TASK INSTRUCTIONS » Set down word for word each line from the one containing "Rhythm Superfoods: Organic" through the end of the records, both included. Do not copy any pictures.

"""

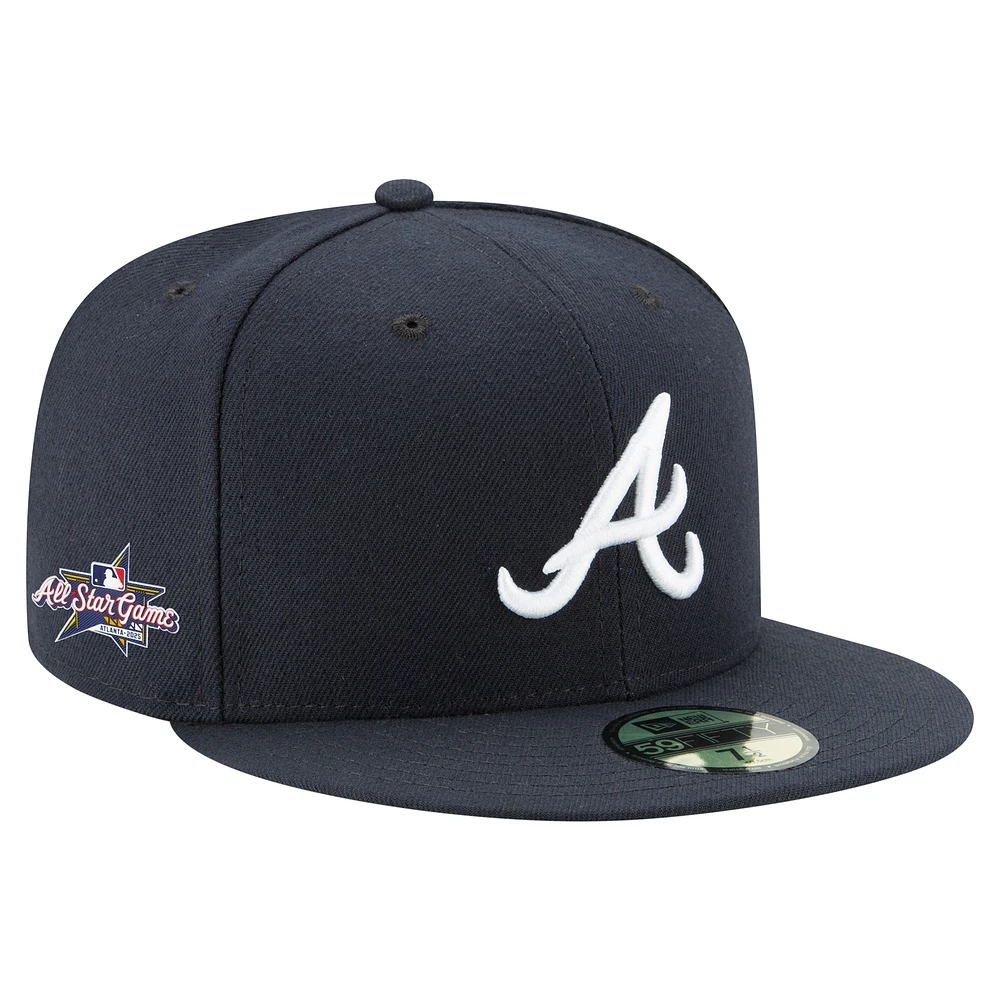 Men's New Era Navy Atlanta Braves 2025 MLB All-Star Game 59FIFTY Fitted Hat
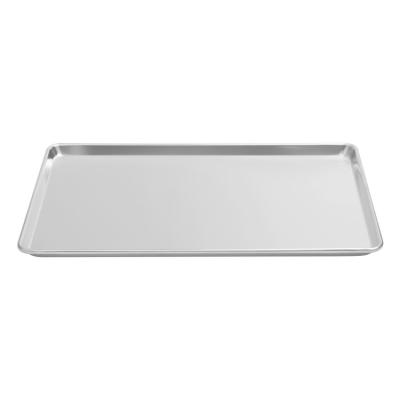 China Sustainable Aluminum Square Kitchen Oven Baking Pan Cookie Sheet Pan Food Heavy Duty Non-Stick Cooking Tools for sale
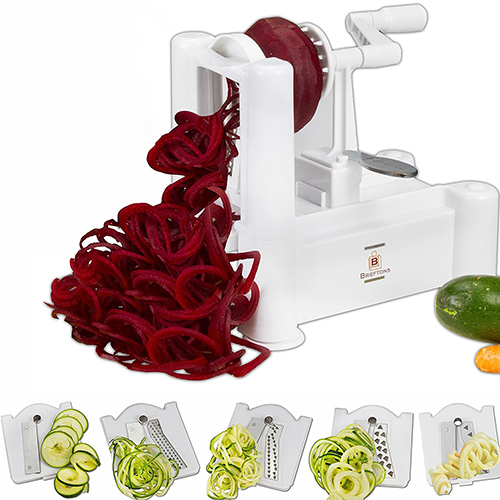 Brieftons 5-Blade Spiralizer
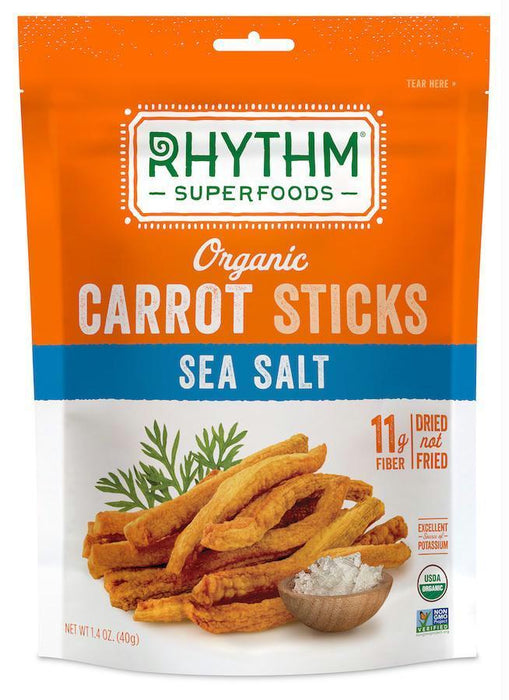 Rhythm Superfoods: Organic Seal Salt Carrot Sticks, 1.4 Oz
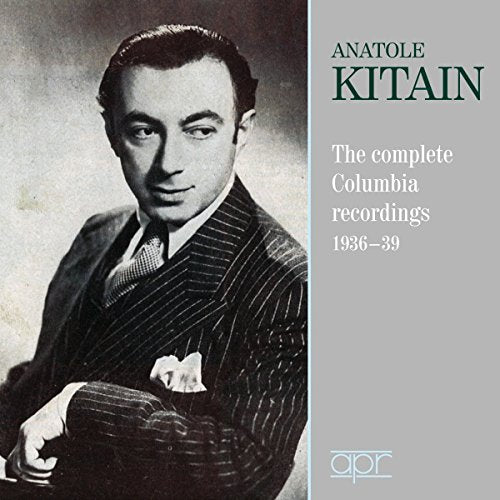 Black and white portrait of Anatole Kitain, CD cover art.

"""

RESULT FOR THIS TASK »
 Rhythm Superfoods: Organic Seal Salt Carrot Sticks, 1.4 Oz
 Black and white portrait of Anatole Kitain, CD cover art.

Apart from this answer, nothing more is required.